Pour tout dire, Le maître des livres est un excellent manga, et j’irais même plus loin en soutenant que c’est un manga d’utilité publique dans un monde où la technologie occupe une place toujours plus prégnante.
L’auteur:
Quelques mots sur l’auteur. Umiharu Shinohara est un scénariste et un dessinateur japonais. Il est difficile de reconstituer son parcours, étant donné qu’il publie d’autres ouvrages sous des pseudonymes.
Le détail
En observant le graphisme de ce seinen, mon attention a été attirée par la coupe de cheveux de Mikoshiba: elle a la forme d’un champignon. D’ailleurs, dans le tome 3, on l’appelle «Champignon». Ce détail est intéressant pour deux raisons:
Tout d’abord car ce qui caractérise le personnage, c’est sa perspicacité. Quand un client franchit sa bibliothèque, il sait exactement le livre qui lui convient. Comme s’il possédait une connaissance intuitive de la vie de chacun. Il se trouve que le champignon est connu pour ses propriétés hallucinogènes. Les Indiens et les chamans l’utilisaient pour entrer en transe et s’éveiller à la connaissance des choses occultes.
De plus, comme le montre les exemples de Miyamoto et de Shôta, la lecture des ouvrages transforme les personnages. Comme si l’accès à ce lieu et la confrontation avec son propriétaire constituaient un parcours initiatique. On se remémorera le chapitre 5 d’Alice au pays des merveilles quand la jeune fille se retrouve face à une chenille sur un champignon. La larve lui explique alors que manger un côté du champignon fait grandir, tandis que l’autre fait rapetisser.

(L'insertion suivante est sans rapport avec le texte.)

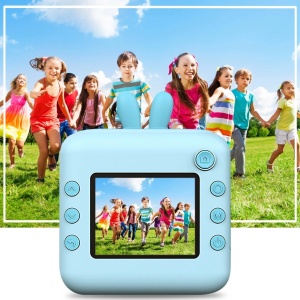 Camera Instantanee pentru Copii, Flippy, cu Functie de Printare, Cablu USB-C, Bluetooth, Compatibil iOS/Android, Imprimare APP, Model Iepure, Snur de Agatat Inclus, Albastru - Img 4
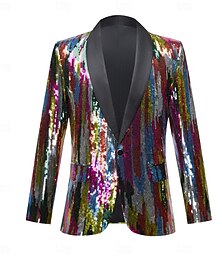 رخيصةأون -رجالي جاكيت بليزر ياقة شال موضة حفلة لون سادة Blazer متعدد اللون قياس نحيل قالب مثالي Single Breasted One-button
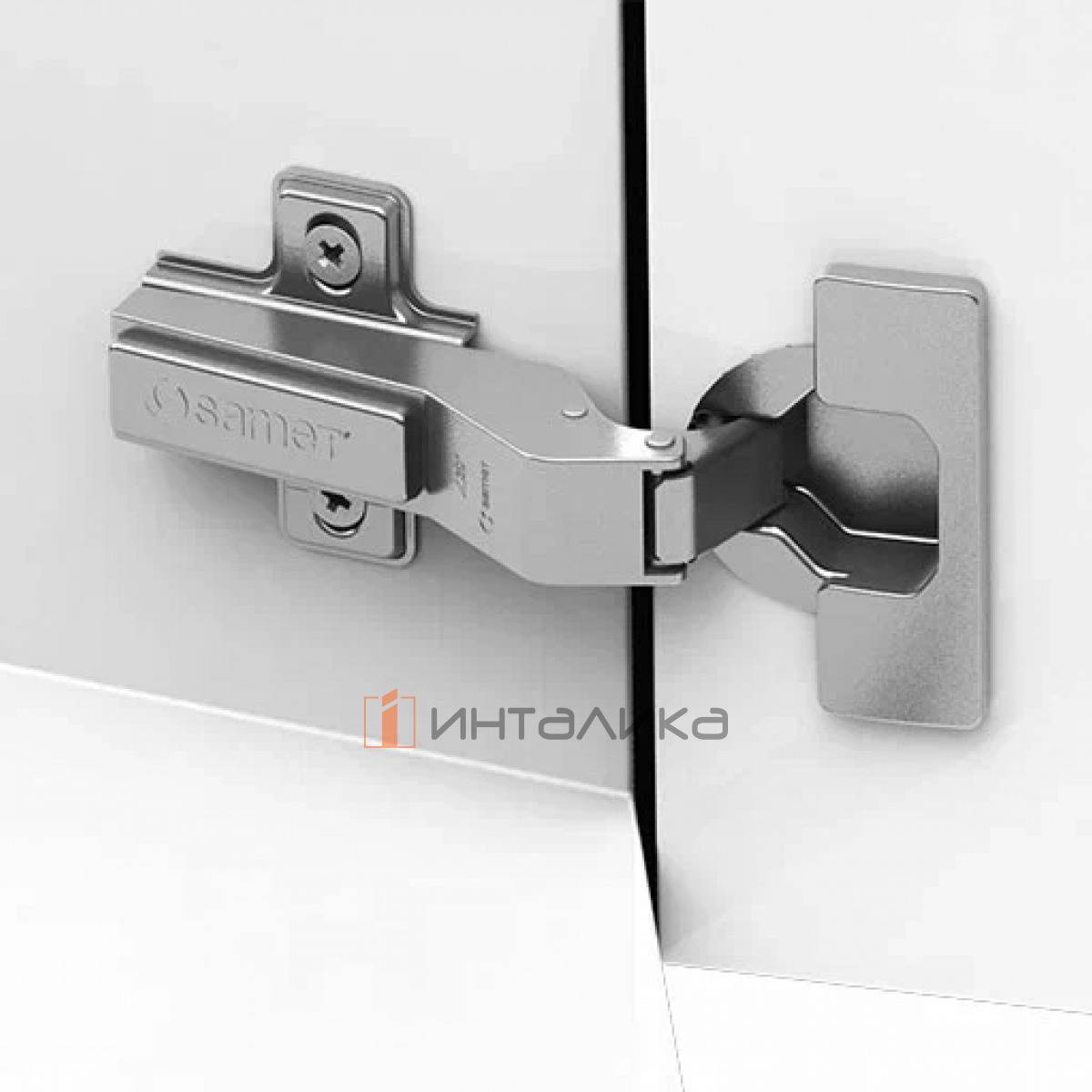 Петля SAMET Star 30°, для дверей 16-26, накладная, TH48 Ø35, под саморез, Slide-On, никель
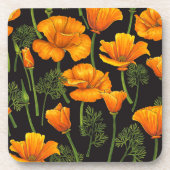 Californische papaver bier onderzetter (Voorkant)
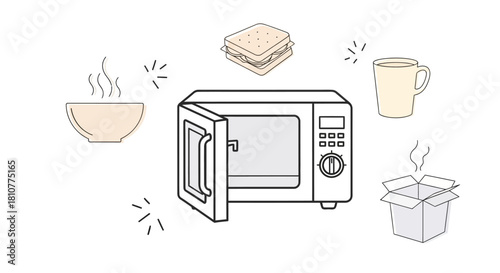 Microwave oven with food items around it, line art illustration.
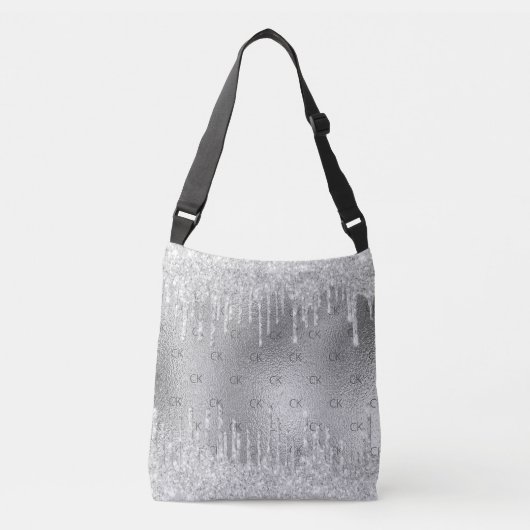 Sac Ajustable Gouttes de paillettes d'argent monogramme métallis (Devant)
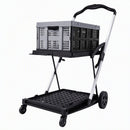 Artiss Shopping Trolley with Wheels 2 Layer w/1 Crate Foldable Trolley Grey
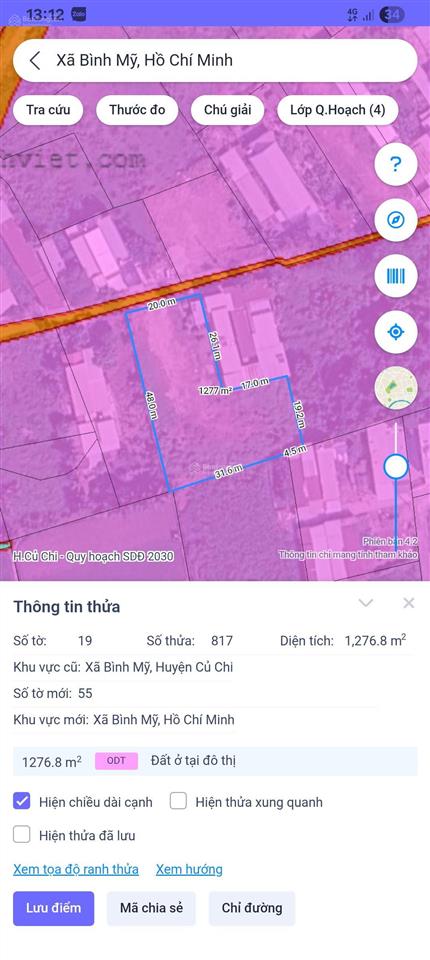 Bán đất 1277m2 có 200m2 thổ cư mặt tiền đường nhựa 177 bình mỹ củ chi. đường nhựa thông xe tải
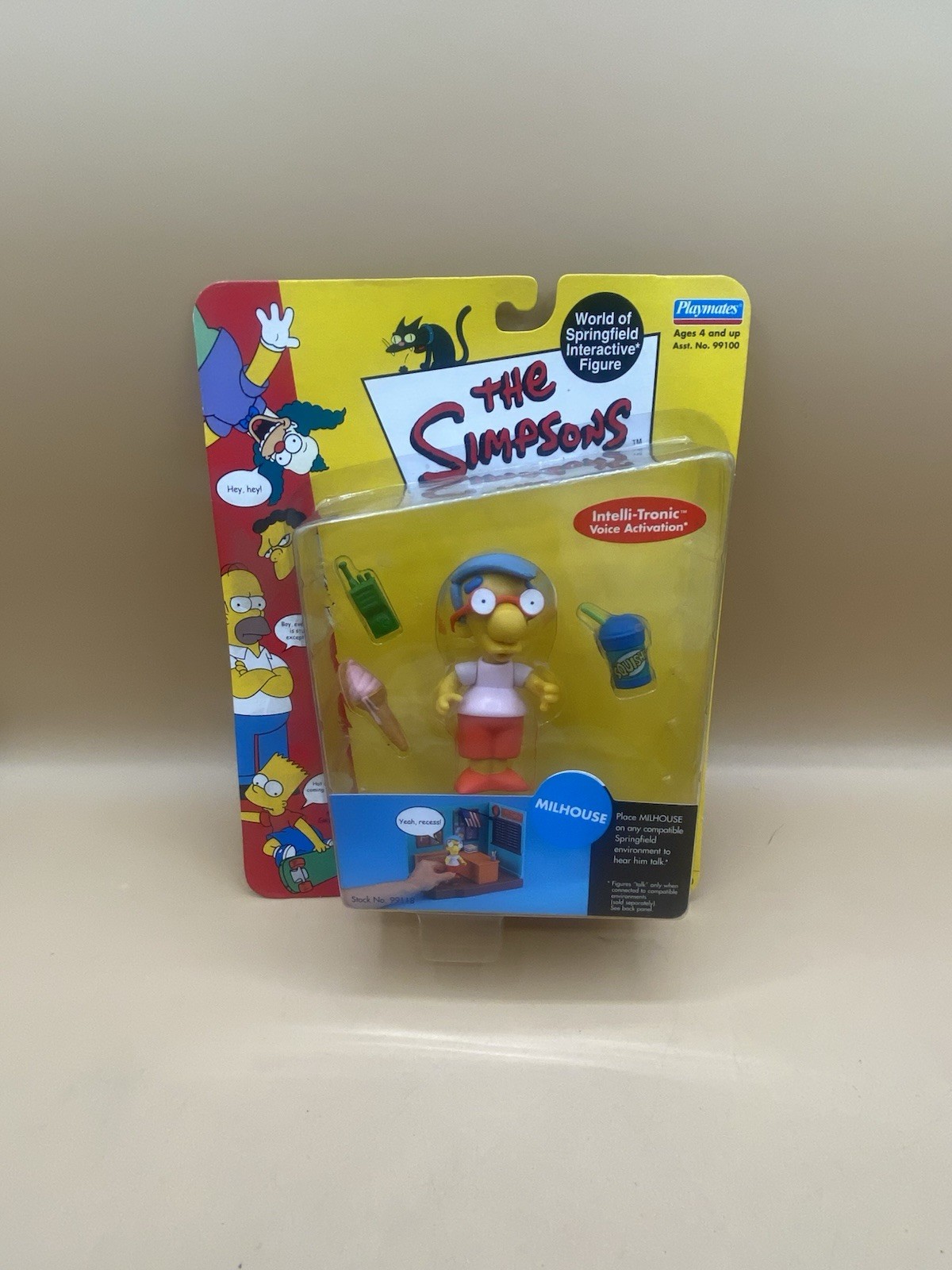 VTG 2000 The Simpsons Milhouse Figure, World of Springfield, Playmates,NIP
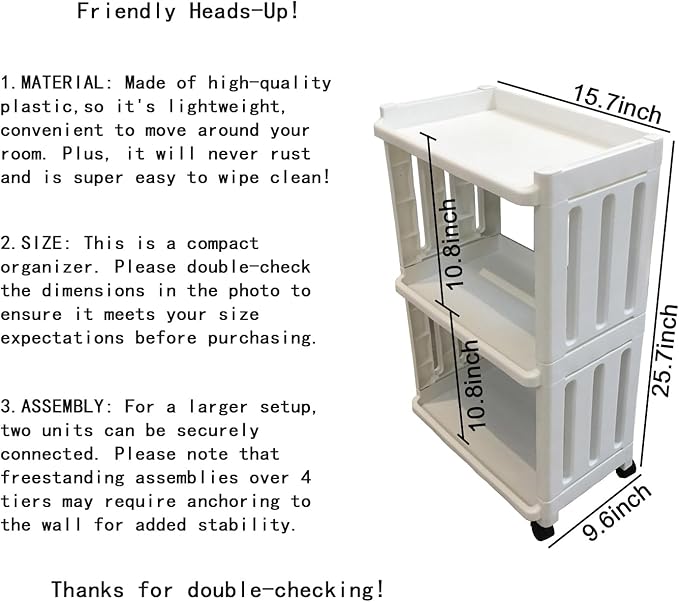 Rolling Storage Utility Cart Slim Organizer Shelf with Wheels 3 Tier Narrow Places Mobile Shelving Unit Tower Rack for Kitchen Bathroom Laundry Room Home Office Bedroom Living Room Washroom, White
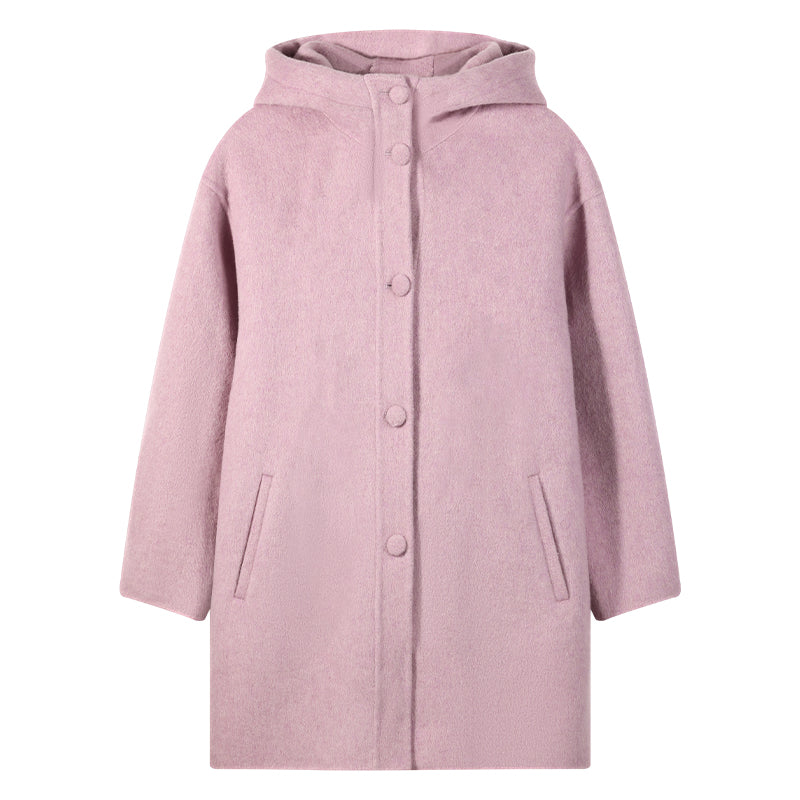 Girls Winter Wool Coat Warm Long Hooded Jacket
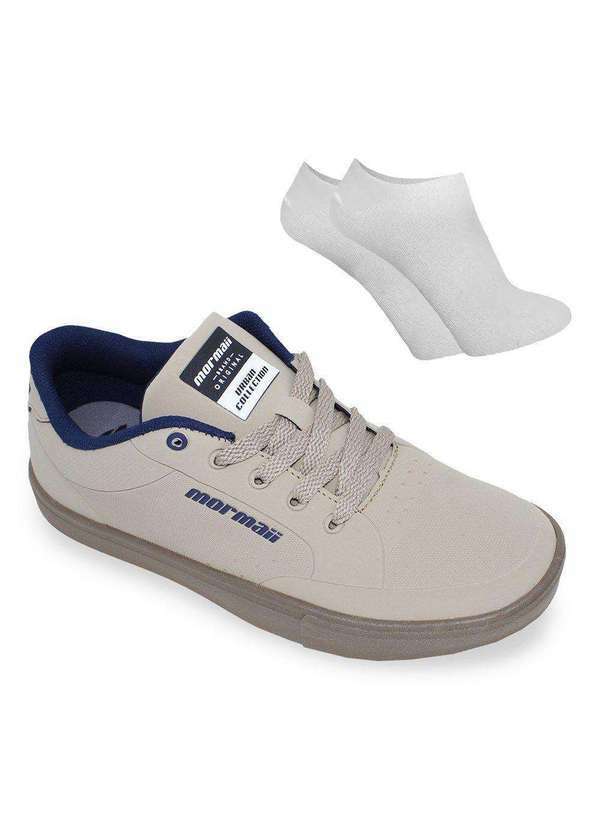 Mormaii - Kit Tênis Mormaii Urban One Unissex e par de Meia - Bege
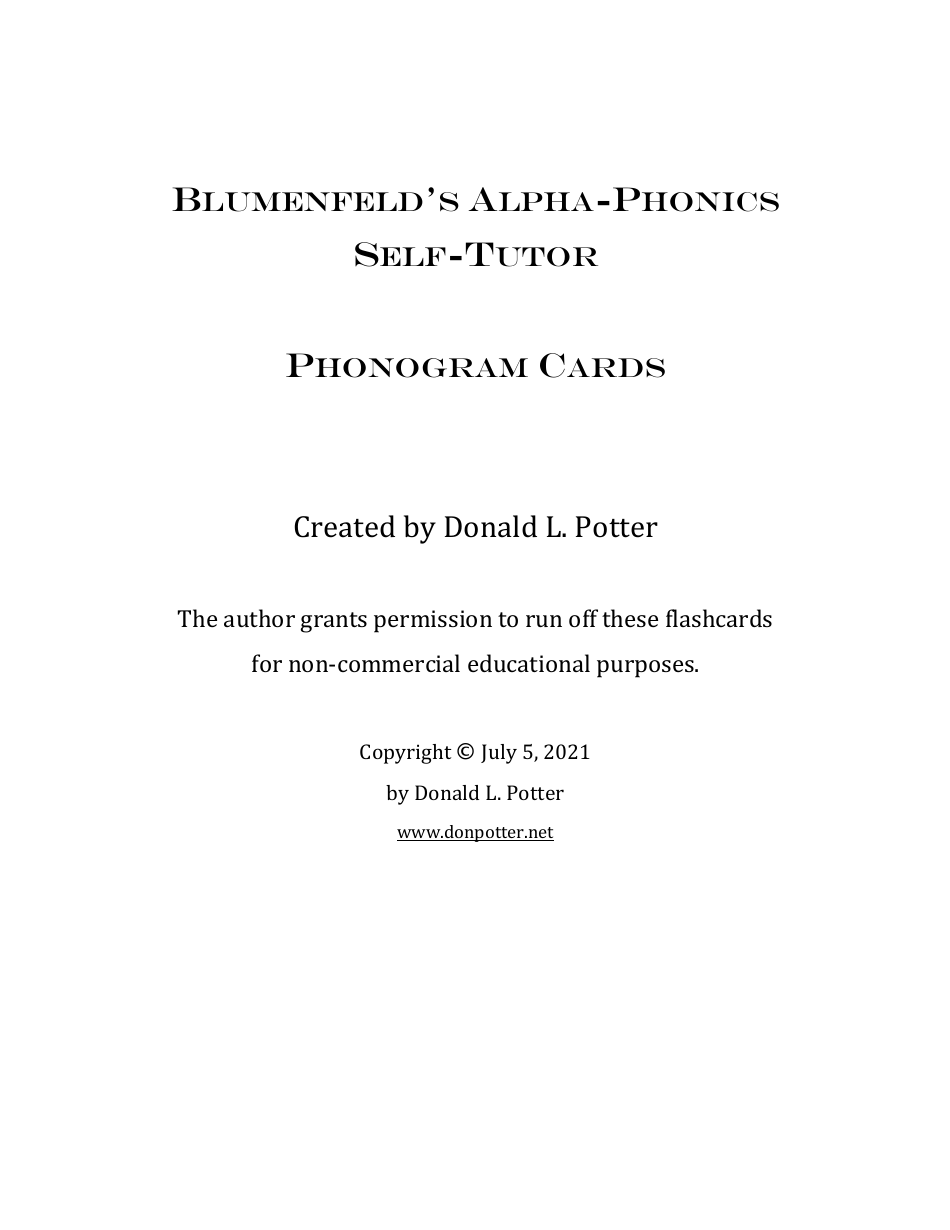 English Phonogram Flashcards - Donald L. Potter, Page 1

Ici, La Rose trémière fait donc figure d’étape initiatique permettant d’accéder à la maturité, et ce grâce aux livres.
La parenthèse:
En définitive, Le maître des livres (Komikku éditions) est un bel hommage aux bibliothécaires. Tenir une bibliothèque ne consiste pas uniquement à numéroter et à classer des ouvrages. C’est aussi avoir un vrai contact avec les livres et transmettre aux autres l’envie de lire. Nombre de dessins animés ont créé des vocations: Jeanne et Serge, Olive et Tom, etc… Peut-être que ce manga suscitera l’intérêt de quelques jeunes lecteurs pour cette noble profession.